Une recherche focalisée sur la résistance aux pesticides
En effet, Monsanto est le premier à avoir adapté sa recherche sur les semences transgéniques à l’utilisation de son herbicide phare le Roundup. Une majorité des OGM commercialisés aujourd'hui dans le monde sont des semences "Roundup Ready", c'est à dire résistantes à l'herbicide total. Cette stratégie a conduit à une envolée de l'utilisation du Roundup en Amérique. Et aujourd'hui, les milieux et les individus sont contaminés par la substance active du Roundup, le glyphosate, reconnu cancérogène par l'OMS.
Pour de nombreuses organisations paysannes et écologistes, l'alliance des semences et de la chimie a fait beaucoup de dégâts dans le secteur de la sélection des plantes. Car les géants de l'agrochimie concentrent leurs recherches sur une poignée de cultures (mais, soja, coton...) sélectionnées pour leur tolérance aux produits chimiques. Une stratégie loin des aspirations à l'agroécologie ou à l'adaptation au changement climatique.
L'explosion des nouvelles techniques de sélection (NBT) permet aujourd'hui aux industries des biotechnologies de produire rapidement des variétés génétiquement modifiées résistantes aux herbicides. Et si le refus des OGM, notamment en Europe, avait fermé de nombreux marchés, les industriels se mobilisent pour que les semences issues de NBT échappent à la réglementation sur les OGM.
Pour Bayer et Monsanto, un marché potentiel de... 23 milliards de dollars
L’enjeu économique est énorme dans une branche où la concurrence est rude. Le secteur est actuellement en proie à une concentration sans précédent. Deux fusions sont en cours : celle de Dow Chemical avec DuPont, et celle de Syngenta avec ChemChina. En arrière-plan de cette course au gigantisme : la baisse des prix des matières agricoles. Mais pas seulement.

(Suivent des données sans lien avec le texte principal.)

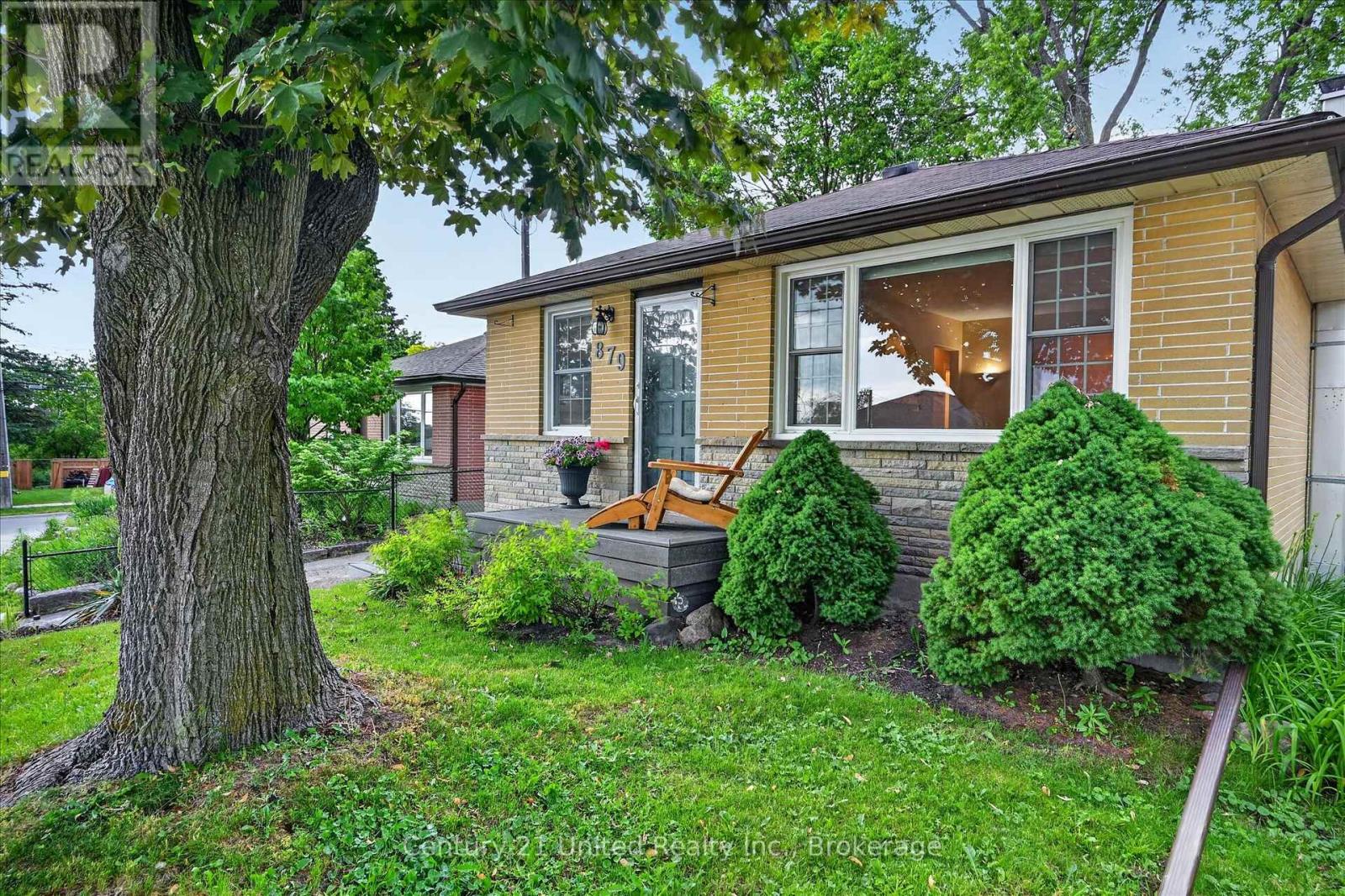 879 Birch Avenue, Peterborough (Northcrest Ward 5), Ontario  K9H 6G7 - Photo 3 - X13462034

"Le développement des biotechnologies, OGM en tête, nécessite un budget recherche de plus en plus élevé. Et plus on est grand, mieux on peut amortir les coûts de recherche", explique un courtier à la bourse de Francfort. Il avance un autre facteur de concentration, capital pour les multinationales agrochimiques : la course aux brevets et aux semences. "Plus une entreprise possède de brevets et plus elle possède de semences, plus elle contrôle le marché", résume froidement l’expert financier. Aussi, racheter Monsanto pour Bayer "est une chance unique de dominer le marché mondial agricole", analyse Peter Spengler, analyste chez DZ Bank, cité par l’agence de presse DPA. "On parle de 23 milliards d'euros de ventes combinées."
Une manœuvre d’autant plus prometteuse aux yeux de Bayer que les industriels de l'agrochimie bénéficient également de règlementations nationales de plus en plus favorables, conséquence des accords bilatéraux passés entre l'Europe et les États-Unis avec le reste du monde. Ces accords de libre-échange entérinement en effet la reconnaissance de la propriété intellectuelle ou l'adoption d'un catalogue officiel des semences, autant de mesures qui garantissent un recours aux semences industrielles au Sud.
Un seul recours, le droit de la concurrence ?
La protestation contre cette fusion ne s'est pas fait attendre, avec la mobilisation des nombreux opposants à Monsanto. En Allemagne, une pétition lancée le 24 mai a recueilli d’ores et déjà plus de 368 000 signatures. Dans une lettre ouverte au PDG de Bayer, des personnalités comme l'activiste indienne Vandana Shiva ou l'ancienne ministre allemande de l'agriculture Renate Künast demandent déjà des comptes : "Est ce que la Bayer AG est disposée à prendre en charge, après le rachat de la société Monsanto, les dégât causés partout dans le monde par cette compagnie et la réhabilitation des sites contaminés du passé ?"
Les opposants comptent sur les règles de la concurrence, qui pourraient jouer contre la très forte concentration à l'oeuvre dans le secteur. L'ONG ETC Group propose même un soutien aux individus et aux organisations voulant faire pression auprès des autorités de la concurrence en Europe, aux États-Unis et ailleurs.